Amid this grandiose onslaught there were moments of normality. A few Kyiv residents emerged to walk their dogs. Queues formed outside cash machines. Most cafes were closed but Aroma Coffee had opened as usual, selling croissants and take-outs.

The mood was one of shock, fear and quiet disgust that Putin – without reason or rational pretext – had decided to unleash war. “Russia is 100% wrong,” said Viktor Alexeyvich, speaking in the capital’s Maidan Nezalezhnosti square. Behind him was the city’s independence monument, a marble column once topped with a statue of Vladimir Lenin. Perched on top – at least for now – was a woman with a rose branch in her arms, symbolising Ukraine’s independence, beneath a golden capital.

What would he do now? “I’ve going to take my grandson out of the city. And then I will come back,” he said. “I don’t have any weapons but I’m ready to defend my country. Maybe the national guard will help.” Alexeyevich said he had rung his son when he heard the first explosions and turned on the TV. He had watched President Zelenskiy address the nation, introduce martial law, and urge citizens to be calm, he said. “Putin is the aggressor here. He’s invade Ukraine because we don’t want to live under his strictures, his model.” The normally-busy square full of tourists and shoppers was sparser than usual. A few people waited in the rain for a municipal trolley-bus.

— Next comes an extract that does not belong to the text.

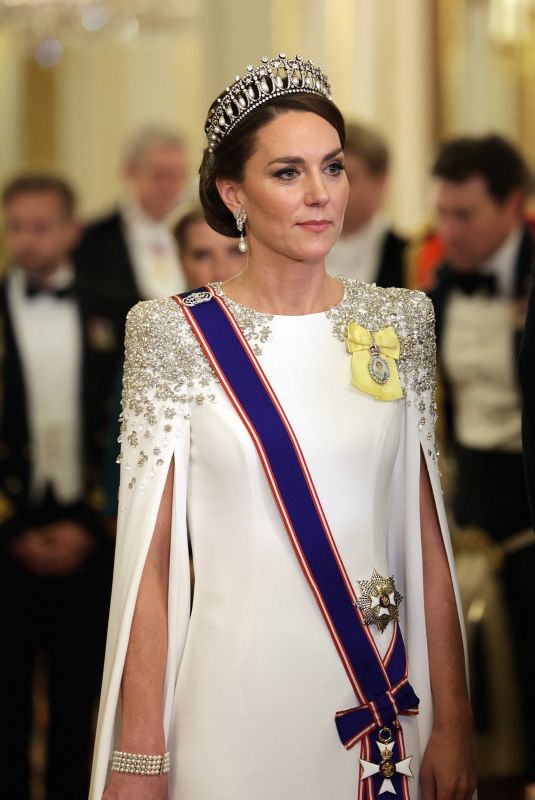 Белое платье, тиара «Узелки любви», жемчужные серьги – блистательный образ Кейт Миддлтон на приеме Карла III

For months, Kyiv’s pro-western government has said Ukraine will resist Russian attack and occupation. It says the country’s armed forces are in better shape than in 2014, when they wilted under superior Russian firepower. On paper, this is true: Ukraine has 220,000 troops, 400,000 veterans with combat experience and modern weapons recently supplied by the US, UK and other allies. Ukraine’s operational command reported some early successes on Thursday in beating back attacks from the rebel-held cities of Donetsk and Luhansk, run for the past eight years by Moscow’s loyal proxies.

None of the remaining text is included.